Capcom's Mega Man Legacy Collection hits (again) today, finally looping both 3DS fans and digital-purchase-averse Xbox and Sony loyalists into the wonders of the landmark 8-bit game series.
Despite some minor visual glitches that have inspired some vehement criticism online, MMLC as a collection (as our resident Mega Man expert Nadia has declared) absolutely shames the more expansive but horribly made Mega Man Anniversary Collection from the PS2 era, especially for Nintendo fans. It also makes for much less of an eyesore than the 3DS Virtual Console versions of the Mega Man hexology, which suffer from the dark and smeary graphics that afflict NES Virtual Console on both Wii U and 3DS.
For my money, though, the version of MMLC to play isn't the 3DS release but rather PlayStation 4, despite some intermittent audio issues some players have experienced. This is entirely down to the horrible placement of the 3DS's D-pad, which sits at an awkward spot and makes my left hand cramp up in a matter of minutes for an intense action game like Mega Man. PS4's D-pad still doesn't offer the precision of playing Mega Man on original NES hardware, but it's the least-compromised of any option for playing these six games that doesn't involve shelling out about $1000 for modded equipments and crazy-expensive cartridges. Plus, on PS4, I can jump over to Ninja Senki DX when I get tired of yet another run through the Mega Man games. (It happens.)
I've been wanting to play Ninja Senki for a couple of years now, holding out for a console release... and, coincidentally enough, it arrives on PS4 and Vita today, right alongside its inspiration, the original Mega Man games. Ninja Senki's credits offer a "special thanks" mention to "INAFKING," which was long-time series producer Keiji Inafune's 8-bit pseudonym. Not that I've seen Ninja Senki's credits in person just yet; it's a ridiculously difficult game, and after beating my head against it for a few hours today I still haven't seen the credits roll.

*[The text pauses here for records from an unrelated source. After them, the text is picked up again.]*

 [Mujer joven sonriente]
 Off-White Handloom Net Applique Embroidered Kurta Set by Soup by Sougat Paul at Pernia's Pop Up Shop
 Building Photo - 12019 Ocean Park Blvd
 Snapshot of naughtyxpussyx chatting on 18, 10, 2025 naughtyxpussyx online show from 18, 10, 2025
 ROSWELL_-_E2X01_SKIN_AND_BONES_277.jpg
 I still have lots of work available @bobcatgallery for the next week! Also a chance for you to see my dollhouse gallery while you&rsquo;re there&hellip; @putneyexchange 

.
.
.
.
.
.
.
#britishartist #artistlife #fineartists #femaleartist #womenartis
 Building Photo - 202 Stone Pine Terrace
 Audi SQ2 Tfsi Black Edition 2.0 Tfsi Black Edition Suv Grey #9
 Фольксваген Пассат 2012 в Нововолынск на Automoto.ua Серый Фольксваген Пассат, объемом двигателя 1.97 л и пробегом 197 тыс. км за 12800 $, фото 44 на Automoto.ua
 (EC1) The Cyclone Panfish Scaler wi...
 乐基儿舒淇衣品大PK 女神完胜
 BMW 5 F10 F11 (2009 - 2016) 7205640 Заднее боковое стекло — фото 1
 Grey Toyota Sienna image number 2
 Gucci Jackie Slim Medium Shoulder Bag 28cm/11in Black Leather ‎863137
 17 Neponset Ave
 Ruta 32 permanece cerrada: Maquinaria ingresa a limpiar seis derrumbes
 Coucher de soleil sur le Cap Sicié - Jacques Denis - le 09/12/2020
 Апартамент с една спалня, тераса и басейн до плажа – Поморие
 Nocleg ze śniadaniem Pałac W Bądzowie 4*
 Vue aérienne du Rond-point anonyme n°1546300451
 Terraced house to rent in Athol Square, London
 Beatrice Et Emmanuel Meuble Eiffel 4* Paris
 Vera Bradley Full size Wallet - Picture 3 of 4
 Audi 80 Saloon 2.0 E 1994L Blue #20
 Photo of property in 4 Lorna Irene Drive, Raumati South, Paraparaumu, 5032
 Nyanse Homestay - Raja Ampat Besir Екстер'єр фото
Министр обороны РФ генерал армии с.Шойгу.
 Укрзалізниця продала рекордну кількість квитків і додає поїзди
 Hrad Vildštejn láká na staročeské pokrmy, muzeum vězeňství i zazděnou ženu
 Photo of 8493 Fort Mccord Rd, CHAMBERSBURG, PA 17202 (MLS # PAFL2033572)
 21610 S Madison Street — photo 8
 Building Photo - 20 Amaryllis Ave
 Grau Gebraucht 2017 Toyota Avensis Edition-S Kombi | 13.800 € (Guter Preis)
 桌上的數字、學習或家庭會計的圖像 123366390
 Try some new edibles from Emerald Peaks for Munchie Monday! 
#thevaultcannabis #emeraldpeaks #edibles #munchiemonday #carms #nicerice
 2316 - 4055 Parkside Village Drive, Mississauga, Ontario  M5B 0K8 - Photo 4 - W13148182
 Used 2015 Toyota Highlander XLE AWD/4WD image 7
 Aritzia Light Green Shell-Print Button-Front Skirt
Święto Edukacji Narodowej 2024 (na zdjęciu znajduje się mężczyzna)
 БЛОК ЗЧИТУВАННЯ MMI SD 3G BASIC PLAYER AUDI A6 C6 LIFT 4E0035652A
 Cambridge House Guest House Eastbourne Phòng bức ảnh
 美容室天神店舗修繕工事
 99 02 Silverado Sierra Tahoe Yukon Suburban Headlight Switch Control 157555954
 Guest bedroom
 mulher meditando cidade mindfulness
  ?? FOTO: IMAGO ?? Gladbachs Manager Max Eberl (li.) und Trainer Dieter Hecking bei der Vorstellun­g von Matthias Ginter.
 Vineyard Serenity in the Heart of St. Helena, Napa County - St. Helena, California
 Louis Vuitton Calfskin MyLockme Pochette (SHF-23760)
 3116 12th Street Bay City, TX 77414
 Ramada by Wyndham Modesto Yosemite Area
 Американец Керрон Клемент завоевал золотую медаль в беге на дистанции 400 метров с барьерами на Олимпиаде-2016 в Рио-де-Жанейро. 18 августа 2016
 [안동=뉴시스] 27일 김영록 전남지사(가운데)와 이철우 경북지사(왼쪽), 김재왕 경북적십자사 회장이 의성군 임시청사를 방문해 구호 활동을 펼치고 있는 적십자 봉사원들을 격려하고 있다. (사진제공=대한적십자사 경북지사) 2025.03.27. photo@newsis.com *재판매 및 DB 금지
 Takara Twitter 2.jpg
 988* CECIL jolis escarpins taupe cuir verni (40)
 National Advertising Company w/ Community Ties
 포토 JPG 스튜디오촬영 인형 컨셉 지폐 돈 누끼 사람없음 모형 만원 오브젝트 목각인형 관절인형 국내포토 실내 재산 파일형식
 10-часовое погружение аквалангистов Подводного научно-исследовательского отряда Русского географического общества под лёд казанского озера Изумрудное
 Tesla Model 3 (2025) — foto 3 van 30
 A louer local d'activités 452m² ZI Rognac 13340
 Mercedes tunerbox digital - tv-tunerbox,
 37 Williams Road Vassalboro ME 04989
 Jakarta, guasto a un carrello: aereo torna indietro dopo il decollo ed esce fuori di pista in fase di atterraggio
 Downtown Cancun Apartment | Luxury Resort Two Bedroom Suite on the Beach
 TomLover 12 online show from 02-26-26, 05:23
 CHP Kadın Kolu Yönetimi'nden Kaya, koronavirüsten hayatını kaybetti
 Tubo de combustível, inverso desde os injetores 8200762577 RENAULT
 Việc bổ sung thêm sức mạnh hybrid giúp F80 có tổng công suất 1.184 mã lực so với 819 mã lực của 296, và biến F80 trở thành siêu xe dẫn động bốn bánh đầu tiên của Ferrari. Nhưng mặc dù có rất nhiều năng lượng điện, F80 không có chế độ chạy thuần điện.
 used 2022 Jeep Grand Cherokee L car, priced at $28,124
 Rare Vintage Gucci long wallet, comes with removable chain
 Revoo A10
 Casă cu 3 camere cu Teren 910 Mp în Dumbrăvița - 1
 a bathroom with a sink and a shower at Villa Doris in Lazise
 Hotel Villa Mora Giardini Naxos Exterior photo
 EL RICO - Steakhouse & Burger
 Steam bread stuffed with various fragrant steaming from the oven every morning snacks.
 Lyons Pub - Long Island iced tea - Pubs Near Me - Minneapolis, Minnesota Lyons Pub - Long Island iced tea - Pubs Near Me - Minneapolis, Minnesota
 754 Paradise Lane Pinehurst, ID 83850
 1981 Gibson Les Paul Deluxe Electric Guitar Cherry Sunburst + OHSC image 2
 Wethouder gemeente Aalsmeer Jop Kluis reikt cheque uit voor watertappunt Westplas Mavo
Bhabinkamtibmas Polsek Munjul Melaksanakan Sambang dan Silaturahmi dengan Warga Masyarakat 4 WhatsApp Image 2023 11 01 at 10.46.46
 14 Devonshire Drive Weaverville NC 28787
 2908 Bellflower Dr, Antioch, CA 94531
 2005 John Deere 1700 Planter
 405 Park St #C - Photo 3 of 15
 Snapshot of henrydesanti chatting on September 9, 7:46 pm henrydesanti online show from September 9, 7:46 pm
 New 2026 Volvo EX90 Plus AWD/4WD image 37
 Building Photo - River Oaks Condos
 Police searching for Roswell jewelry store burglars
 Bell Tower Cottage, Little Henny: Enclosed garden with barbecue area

For the most part, Ninja Senki comes by its difficulty honestly. It feels a little cheap in a few areas — the bits where you're expected to skip along water are awful thanks to the clumsy control mechanism — but generally speaking it walks that tricky tightrope between fairness and frustration with thoughtful level design and some perfectly placed bad guys whose appearances are calculated to get the best of players for using their platform gaming instincts. Enemies tend to land or attack optimal platform spots, but at the same time Ninja Senki does a nice job of not being impossibly nasty about it — you're going to deal with foes when you make an easy jump, but a super difficult bit of platforming offers a little more leniency with enemy placement. It's rarely easy after the first stage, but it plays like the good kind of NES platformer rather than the crappy hateful ones.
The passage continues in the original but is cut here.